• _PROBLEM STATEMENT_
The answer must be every line below that holds the word "leaves".

(Dataset items)
***

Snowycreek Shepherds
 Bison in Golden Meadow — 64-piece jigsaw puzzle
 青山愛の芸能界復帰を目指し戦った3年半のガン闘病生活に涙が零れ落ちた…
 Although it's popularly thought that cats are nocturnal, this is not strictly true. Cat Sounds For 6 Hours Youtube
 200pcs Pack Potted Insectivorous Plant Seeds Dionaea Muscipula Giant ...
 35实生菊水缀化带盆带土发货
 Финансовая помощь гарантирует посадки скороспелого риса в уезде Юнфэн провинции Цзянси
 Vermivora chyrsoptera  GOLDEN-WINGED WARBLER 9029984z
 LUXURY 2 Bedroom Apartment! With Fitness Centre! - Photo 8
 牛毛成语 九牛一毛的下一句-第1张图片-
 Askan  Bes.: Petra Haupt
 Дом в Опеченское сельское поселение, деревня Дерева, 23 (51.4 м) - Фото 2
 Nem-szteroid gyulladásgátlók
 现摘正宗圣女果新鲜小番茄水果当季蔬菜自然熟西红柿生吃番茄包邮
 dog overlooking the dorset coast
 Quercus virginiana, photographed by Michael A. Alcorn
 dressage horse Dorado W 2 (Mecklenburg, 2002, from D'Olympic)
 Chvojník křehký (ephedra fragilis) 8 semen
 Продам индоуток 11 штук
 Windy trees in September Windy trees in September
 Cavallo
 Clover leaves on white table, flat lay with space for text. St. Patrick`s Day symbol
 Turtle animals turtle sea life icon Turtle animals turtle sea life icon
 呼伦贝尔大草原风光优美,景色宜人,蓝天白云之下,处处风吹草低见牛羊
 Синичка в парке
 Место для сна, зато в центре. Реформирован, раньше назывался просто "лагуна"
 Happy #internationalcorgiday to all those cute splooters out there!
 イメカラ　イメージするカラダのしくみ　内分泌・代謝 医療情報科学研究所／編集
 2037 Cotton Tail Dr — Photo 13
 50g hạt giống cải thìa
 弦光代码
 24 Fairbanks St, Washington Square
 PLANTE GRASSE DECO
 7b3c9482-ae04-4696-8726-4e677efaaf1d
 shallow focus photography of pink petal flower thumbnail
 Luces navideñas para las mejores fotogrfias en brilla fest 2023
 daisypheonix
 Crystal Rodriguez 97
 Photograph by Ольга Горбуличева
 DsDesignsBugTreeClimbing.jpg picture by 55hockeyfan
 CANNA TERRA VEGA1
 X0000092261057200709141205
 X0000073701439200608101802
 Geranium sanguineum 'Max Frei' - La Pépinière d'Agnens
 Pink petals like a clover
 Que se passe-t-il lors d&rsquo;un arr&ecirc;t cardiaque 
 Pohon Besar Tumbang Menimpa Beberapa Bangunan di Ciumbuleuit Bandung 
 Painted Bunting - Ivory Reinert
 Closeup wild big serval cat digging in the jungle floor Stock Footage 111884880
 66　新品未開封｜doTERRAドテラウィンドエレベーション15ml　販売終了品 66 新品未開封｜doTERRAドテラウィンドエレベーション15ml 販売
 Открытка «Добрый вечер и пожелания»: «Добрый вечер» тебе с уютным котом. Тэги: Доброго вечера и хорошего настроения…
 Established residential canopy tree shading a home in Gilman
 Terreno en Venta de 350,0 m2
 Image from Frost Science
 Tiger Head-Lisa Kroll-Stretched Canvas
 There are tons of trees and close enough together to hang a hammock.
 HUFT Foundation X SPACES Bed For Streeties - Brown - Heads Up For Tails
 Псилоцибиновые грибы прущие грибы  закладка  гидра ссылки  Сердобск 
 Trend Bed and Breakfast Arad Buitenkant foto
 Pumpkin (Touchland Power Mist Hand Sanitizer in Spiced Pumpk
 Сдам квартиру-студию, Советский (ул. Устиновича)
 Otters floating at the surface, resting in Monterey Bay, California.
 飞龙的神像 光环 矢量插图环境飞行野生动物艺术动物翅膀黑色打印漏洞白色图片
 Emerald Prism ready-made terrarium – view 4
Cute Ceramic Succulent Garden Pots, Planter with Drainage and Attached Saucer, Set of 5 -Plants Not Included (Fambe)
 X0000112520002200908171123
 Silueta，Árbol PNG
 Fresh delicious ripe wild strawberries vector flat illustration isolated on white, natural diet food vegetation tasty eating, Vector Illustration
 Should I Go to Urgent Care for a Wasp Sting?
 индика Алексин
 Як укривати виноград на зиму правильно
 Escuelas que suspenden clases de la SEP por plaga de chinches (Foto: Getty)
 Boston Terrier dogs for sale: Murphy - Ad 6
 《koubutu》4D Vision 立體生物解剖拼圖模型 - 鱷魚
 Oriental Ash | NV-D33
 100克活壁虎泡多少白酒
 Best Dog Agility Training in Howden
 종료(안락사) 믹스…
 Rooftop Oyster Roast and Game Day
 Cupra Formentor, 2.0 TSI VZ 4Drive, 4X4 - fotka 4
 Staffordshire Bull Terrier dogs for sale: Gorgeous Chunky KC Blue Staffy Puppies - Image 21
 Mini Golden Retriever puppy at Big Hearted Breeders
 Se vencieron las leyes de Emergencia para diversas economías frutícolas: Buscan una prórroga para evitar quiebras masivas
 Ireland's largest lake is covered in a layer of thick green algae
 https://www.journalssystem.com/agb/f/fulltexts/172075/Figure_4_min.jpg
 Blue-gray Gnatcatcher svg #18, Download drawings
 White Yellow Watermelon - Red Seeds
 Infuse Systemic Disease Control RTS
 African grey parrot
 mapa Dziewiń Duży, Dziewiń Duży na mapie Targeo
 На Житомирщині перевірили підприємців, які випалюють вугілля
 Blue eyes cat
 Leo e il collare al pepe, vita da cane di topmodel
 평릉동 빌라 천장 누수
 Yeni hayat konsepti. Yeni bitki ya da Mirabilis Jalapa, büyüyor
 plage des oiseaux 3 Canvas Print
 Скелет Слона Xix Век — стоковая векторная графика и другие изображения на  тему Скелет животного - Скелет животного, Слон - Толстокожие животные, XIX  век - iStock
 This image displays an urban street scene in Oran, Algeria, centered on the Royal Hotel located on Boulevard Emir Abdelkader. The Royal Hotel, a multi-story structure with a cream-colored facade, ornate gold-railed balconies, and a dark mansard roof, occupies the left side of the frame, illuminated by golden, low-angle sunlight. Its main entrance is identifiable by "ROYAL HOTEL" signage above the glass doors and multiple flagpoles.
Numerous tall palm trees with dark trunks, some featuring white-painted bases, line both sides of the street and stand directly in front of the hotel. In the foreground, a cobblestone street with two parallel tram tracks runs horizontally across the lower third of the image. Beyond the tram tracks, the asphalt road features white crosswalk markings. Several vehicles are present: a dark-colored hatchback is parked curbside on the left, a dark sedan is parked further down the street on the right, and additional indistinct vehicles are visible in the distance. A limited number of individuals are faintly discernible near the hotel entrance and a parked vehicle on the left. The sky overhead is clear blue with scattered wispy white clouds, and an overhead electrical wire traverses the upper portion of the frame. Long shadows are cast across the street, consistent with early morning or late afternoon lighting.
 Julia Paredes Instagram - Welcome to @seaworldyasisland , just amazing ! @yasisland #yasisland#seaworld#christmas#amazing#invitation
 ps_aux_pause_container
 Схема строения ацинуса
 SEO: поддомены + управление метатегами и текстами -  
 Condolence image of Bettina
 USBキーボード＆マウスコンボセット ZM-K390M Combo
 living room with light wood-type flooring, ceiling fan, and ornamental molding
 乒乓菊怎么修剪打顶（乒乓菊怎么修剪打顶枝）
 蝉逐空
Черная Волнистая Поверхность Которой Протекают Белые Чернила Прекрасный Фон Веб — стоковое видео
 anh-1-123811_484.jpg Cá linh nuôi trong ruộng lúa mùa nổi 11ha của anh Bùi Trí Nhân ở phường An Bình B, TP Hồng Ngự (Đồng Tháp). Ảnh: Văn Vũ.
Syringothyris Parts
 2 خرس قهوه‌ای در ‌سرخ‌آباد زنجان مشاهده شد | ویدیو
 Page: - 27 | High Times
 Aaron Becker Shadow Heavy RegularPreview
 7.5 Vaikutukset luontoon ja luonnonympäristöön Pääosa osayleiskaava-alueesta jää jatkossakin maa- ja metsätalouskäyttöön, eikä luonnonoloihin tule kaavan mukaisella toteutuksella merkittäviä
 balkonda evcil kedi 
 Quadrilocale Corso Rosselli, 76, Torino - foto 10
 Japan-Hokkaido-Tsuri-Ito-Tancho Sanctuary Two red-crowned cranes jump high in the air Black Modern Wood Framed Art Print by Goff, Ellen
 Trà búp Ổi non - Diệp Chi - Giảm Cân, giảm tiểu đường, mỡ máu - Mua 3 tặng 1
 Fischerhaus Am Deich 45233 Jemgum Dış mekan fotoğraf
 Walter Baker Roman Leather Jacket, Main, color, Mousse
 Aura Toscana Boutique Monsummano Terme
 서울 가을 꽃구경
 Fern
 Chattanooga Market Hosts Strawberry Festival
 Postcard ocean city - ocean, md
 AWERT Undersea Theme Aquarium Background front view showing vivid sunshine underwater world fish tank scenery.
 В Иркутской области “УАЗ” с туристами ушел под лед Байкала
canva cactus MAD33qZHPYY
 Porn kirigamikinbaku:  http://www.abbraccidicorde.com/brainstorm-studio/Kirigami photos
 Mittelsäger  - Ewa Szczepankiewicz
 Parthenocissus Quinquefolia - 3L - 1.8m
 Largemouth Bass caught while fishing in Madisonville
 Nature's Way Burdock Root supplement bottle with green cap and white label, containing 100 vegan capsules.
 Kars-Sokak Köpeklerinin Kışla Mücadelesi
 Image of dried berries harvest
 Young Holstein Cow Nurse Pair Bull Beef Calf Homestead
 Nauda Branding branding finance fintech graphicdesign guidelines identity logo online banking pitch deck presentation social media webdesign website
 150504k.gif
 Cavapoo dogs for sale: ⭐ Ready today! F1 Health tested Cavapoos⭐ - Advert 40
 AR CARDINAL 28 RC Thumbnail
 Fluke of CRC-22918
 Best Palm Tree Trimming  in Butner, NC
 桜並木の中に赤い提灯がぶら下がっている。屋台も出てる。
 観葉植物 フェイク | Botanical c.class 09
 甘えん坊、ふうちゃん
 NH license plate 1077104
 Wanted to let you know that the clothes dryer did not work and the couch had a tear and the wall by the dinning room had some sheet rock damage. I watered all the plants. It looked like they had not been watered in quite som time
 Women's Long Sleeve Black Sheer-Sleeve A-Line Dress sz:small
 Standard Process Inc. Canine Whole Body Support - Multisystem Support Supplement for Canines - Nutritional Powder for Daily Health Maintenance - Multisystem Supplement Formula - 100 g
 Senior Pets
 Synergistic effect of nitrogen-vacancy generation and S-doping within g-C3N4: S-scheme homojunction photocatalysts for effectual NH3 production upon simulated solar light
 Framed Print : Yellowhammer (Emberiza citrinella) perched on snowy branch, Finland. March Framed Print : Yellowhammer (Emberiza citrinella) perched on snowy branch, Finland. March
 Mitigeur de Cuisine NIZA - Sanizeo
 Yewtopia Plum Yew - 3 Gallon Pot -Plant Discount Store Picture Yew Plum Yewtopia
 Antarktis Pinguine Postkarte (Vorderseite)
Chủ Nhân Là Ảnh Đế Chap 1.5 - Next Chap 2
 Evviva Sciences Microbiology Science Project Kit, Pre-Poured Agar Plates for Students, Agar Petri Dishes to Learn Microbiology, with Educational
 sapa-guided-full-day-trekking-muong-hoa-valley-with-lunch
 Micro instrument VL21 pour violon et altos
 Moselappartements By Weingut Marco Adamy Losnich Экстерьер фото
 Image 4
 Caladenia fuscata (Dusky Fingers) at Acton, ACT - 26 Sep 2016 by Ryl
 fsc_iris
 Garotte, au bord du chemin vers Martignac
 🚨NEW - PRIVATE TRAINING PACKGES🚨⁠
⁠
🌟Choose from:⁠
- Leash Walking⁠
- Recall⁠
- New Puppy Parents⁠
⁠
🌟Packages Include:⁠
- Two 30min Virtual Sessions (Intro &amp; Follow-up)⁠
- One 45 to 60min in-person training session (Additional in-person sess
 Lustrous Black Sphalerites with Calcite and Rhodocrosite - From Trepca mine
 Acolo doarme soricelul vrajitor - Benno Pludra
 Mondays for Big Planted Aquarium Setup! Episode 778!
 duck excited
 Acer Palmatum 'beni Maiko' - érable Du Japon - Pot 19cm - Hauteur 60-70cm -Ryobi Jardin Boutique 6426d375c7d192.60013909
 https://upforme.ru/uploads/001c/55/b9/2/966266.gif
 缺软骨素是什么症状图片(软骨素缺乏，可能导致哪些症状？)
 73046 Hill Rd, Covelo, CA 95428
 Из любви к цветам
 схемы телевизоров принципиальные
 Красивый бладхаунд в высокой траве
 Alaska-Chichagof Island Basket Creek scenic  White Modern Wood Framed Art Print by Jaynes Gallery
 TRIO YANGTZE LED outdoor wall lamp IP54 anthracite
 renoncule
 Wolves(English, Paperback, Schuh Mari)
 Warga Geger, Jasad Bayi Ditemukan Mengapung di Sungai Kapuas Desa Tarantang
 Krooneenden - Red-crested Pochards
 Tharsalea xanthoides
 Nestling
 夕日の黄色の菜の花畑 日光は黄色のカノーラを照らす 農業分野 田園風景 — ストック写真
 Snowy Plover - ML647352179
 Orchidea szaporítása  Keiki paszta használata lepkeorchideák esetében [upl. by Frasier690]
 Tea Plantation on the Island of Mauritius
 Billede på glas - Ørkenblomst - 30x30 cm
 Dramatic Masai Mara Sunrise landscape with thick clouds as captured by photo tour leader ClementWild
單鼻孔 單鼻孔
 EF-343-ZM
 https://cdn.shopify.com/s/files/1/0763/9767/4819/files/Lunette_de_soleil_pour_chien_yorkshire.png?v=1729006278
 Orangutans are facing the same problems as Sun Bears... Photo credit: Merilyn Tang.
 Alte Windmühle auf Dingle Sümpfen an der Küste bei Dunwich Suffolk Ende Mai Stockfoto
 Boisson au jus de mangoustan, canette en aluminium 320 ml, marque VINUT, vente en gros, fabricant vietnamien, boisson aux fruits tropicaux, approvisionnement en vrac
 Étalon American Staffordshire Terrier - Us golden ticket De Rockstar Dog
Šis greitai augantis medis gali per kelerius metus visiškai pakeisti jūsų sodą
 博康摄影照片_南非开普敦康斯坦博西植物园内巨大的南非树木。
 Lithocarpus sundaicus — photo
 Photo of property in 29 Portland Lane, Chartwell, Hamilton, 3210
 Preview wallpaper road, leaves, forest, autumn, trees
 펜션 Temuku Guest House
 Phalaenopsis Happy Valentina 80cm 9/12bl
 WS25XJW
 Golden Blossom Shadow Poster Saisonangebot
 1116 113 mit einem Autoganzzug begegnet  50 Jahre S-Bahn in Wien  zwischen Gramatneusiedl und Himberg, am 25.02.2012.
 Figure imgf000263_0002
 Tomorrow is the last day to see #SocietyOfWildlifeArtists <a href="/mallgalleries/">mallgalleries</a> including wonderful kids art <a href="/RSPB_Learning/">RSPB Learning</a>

***

• _EXPECTED OUTPUT_
 Clover leaves on white table, flat lay with space for text. St. Patrick`s Day symbol
 Preview wallpaper road, leaves, forest, autumn, trees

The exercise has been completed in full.